Real Careers: Cindy Moeser

Exceptional EA showcases Real Careers, in which administrators from around the globe generously share the benefit of their experience. We’ve made virtual trips to Belgium, Brazil, Canada, England, Germany, Mauritius, the Netherlands, Northern Ireland, Norway, Republic of Ireland, Scotland, South Africa, the USA and Wales, and now make our way to Toronto, Canada to visit with Cindy Moeser.
Cindy Moeser is Executive Assistant to the Founders, VarageSale, Inc. Here’s a look at her world.

A True Morning Person

I am what you would consider a “morning person”. I am up at 4:45 a.m. and have a routine that I follow every morning to get out of the house at the same time. Being a commuter, I make sure that I know the weather and am prepared for the day (jacket, umbrella, boots, etc.).

My commute is about an hour and 15 minutes long. I leave my house at 5:45 a.m. in order to make my way to downtown Toronto via GO Train. It is a combination of driving to the station, taking the train and then walking for 20 minutes when I get downtown. Many people cannot understand how I can do this so early but I get great parking, the trains are not packed and the walk is less crowded. For me, avoiding all the congestion makes it worth leaving early.  Every Monday, Wednesday and Friday I go to the gym before work so I typically arrive at the office around 8:15 a.m. On Tuesdays and Thursdays, I get to the office at 7:15 a.m.

Who or what is on your commuting playlist? I listen to a huge variety of music but some of my favourites are James Blunt, The Tragically Hip, Sarah Harmer and Pink.

At the Office

Morning Routines: I usually review my emails on my smartphone on the train to make sure I am prepared if anything needs my immediate attention. Once at the office, the first thing I do is grab a green tea, and then settle in to answer all urgent emails and review my to-do list so that I can prioritize the tasks that are key for my executives. I use a physical to-do list for all of the larger projects and also star/flag all of my emails that require a follow-up. It is usually very quiet in the office when I arrive so once I get the high-priority tasks out of the way, I take the time to work on projects that will require more focus and attention to detail.

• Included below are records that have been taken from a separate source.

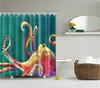 Mediterranean Animals Octopus Bathroom Shower Curtains Frabic Waterproof Polyester Bath Curtain With Hooks
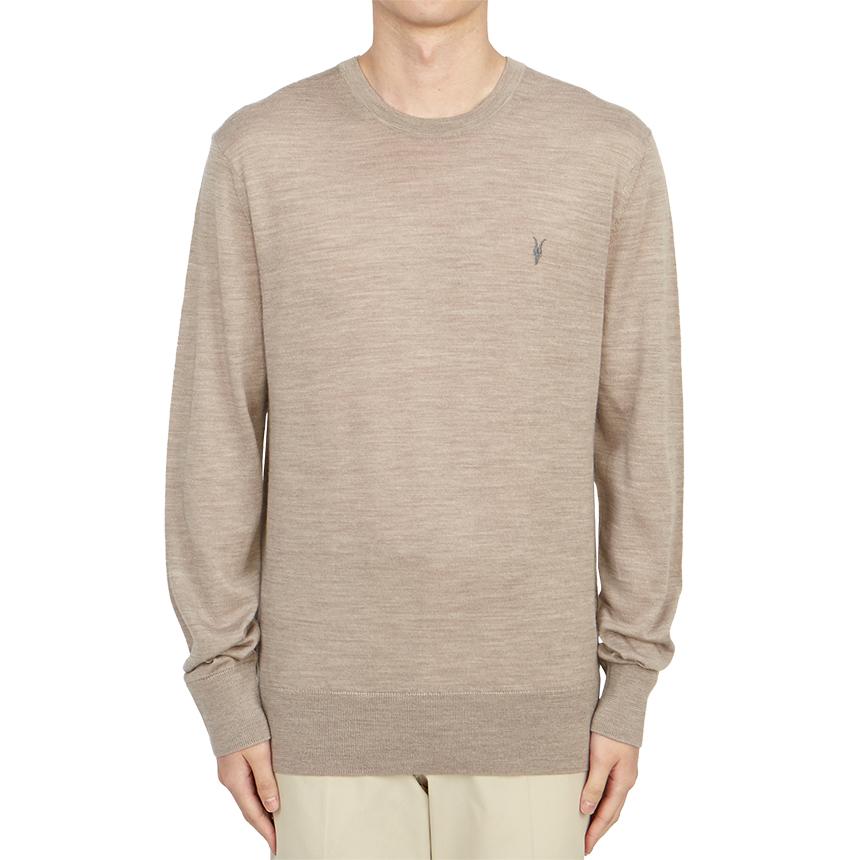 ALLSAINTS Men’s Crewneck Knit Sweater MK129D STONE TAUPE MARL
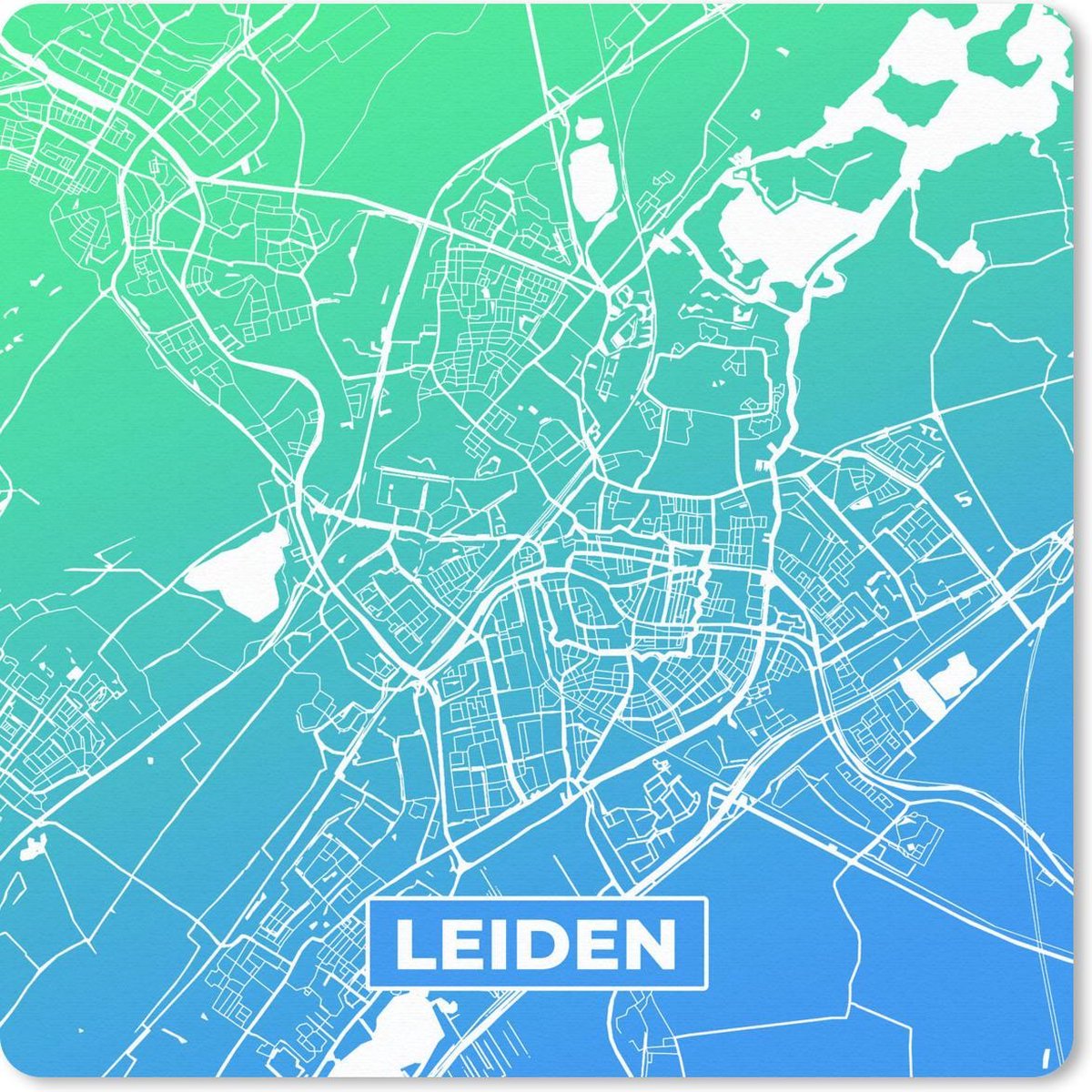 Muismat 20x20 cm - Mousepad Stadskaart - Leiden - Blauw - Groen - Muismatten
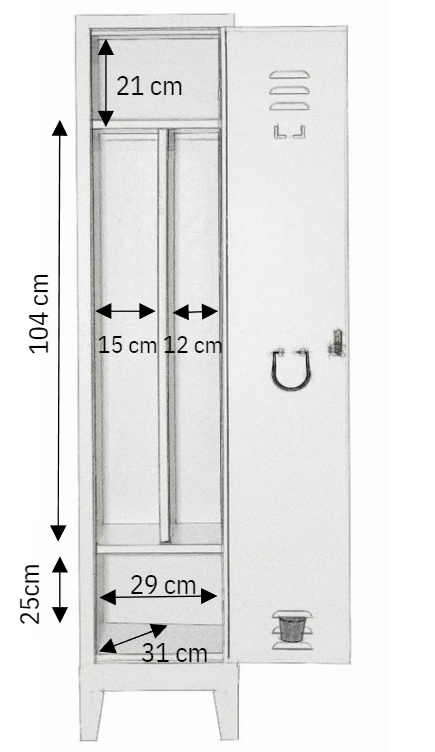1-place clean and dirty changing room closet - depth 33-38 cm 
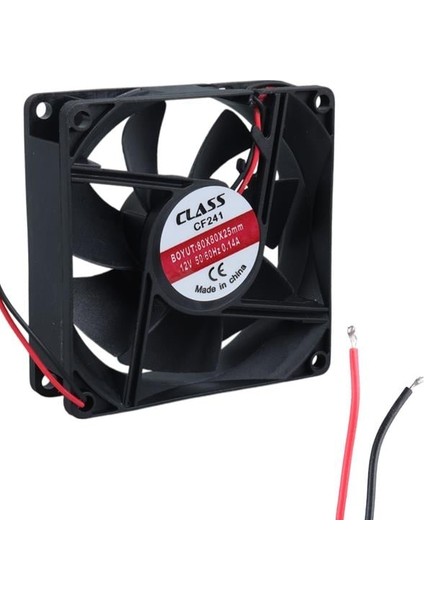 Class CF-241 DC12V 80X80X25MM Aksiyel Fan - 20CM Siyah-Kırmızı Güç Kablolu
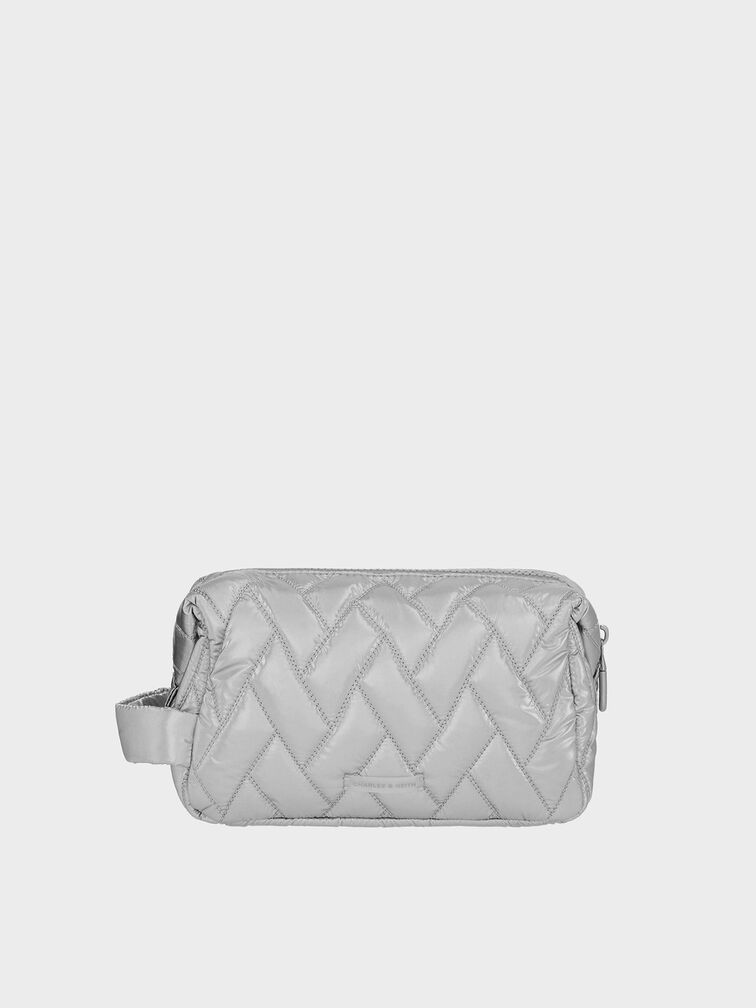 Nylon Chevron Pouch, Silver, hi-res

Primary Responsibilities: My role consists of all the typical EA responsibilities including calendar management, travel arrangements, preparing my executives for their meetings, taking minutes as required, as well as expense reports and tracking. I also help run and organise management and staff offsite events. The difference with this role is that we are a rapidly growing start-up, so I have taken on more responsibilities (as required) such as instituting a benefits plan and acting as the plan administrator. My role is evolving as we bring on staff members who are dedicated to these particular functions. This means I can concentrate on making sure my executives have the support they need. I enjoy the “all hands on deck” atmosphere and willingness to do what it takes to make things happen. My main goal every day is to make sure my executives are prepared for the day ahead, and able to focus on their priorities.

I would not say that I have a “typical day” as there are always new and different things coming up! That said, there are core responsibilities that are consistent on a day-to-day basis.The great thing about this role is that things change at the drop of a hat and it is always fast paced.

How long is your work day? A typical work day is between eight to nine hours, but my executives understand that if they need me, they can reach me at any time. I typically leave the office somewhere between 4:00 and 5:00 p.m. and work remotely if needed. I keep my laptop with me at all times just in case any issues come up when I am not on site.

IMG_9639What might be a typical lunch?  I typically bring my lunch to work. Not needing to go out and get lunch allows me to be flexible about when I eat. I usually eat with my coworkers in the kitchen or at my desk, depending on how my day is going.

Do you work from home in your “off” hours, or during your commute? Not too often, but I watch my emails at all times on my smartphone in case anything urgent comes up that needs my attention. I am extra alert if my executives are flying or if someone is flying into Toronto to meet with them. In those cases, I will track all flights and deal with a delay or emergency situations if they come up.

If your executive is travelling, or someone is flying in to meet with her/him, track all flights

Dealing with Challenges

What is the most challenging aspect of your day or career? It can be very challenging when both of my executives need something urgent at the same time. At times like these, I have to make sure to communicate to them that I am working on another urgent task, and then determine which one will take priority. This can happen often enough, and staying calm and focused is key to making sure all of the issues are resolved in a timely manner.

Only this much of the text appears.